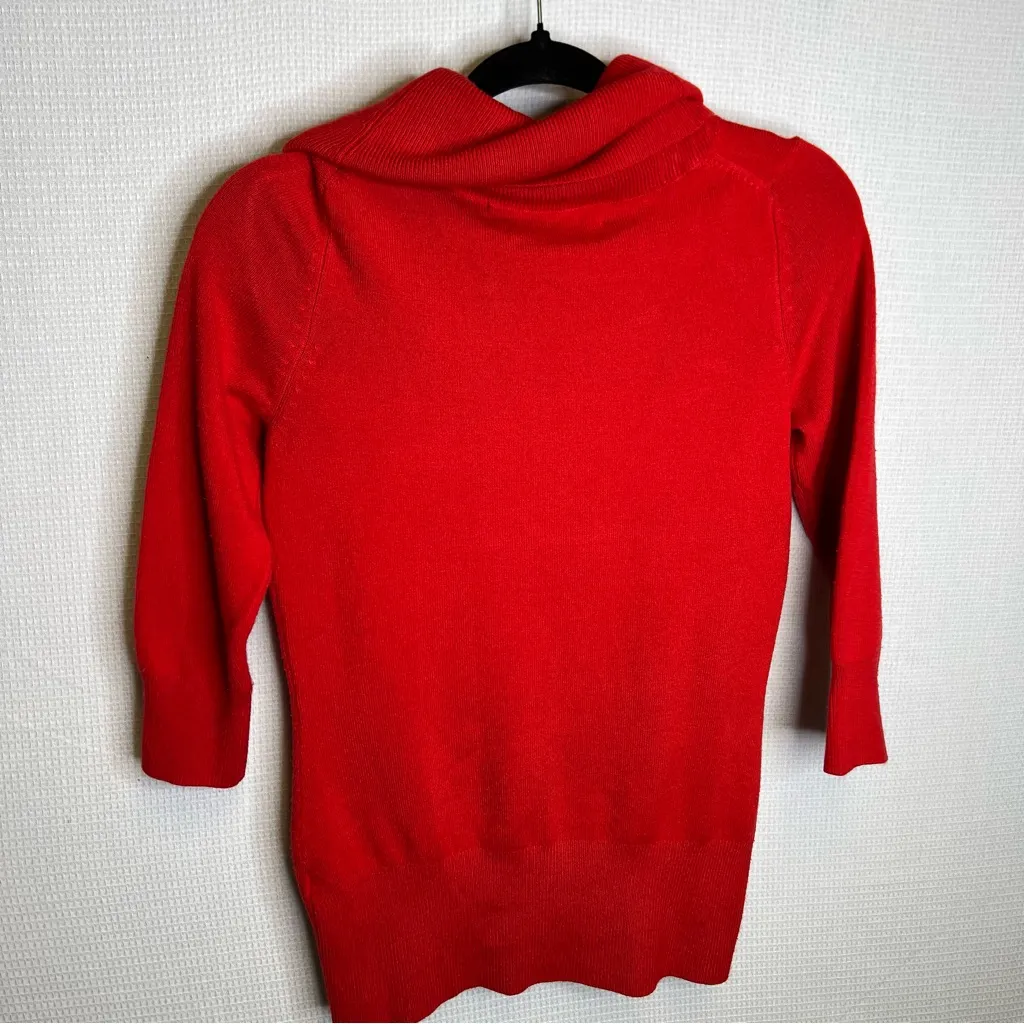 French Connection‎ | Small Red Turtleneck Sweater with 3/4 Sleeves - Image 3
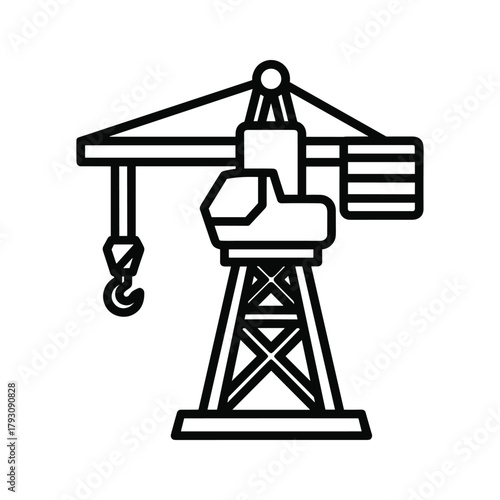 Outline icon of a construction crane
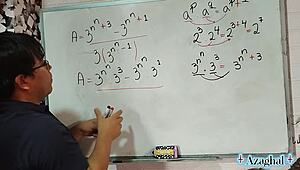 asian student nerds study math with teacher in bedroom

TASK STATEMENT = Beginning with the line that contains "Outline icon of a construction crane" and ending with the last line of the data, restate each line word for word. Exclude the pictures.

EXERCISE RESULT =
 Outline icon of a construction crane
 asian student nerds study math with teacher in bedroom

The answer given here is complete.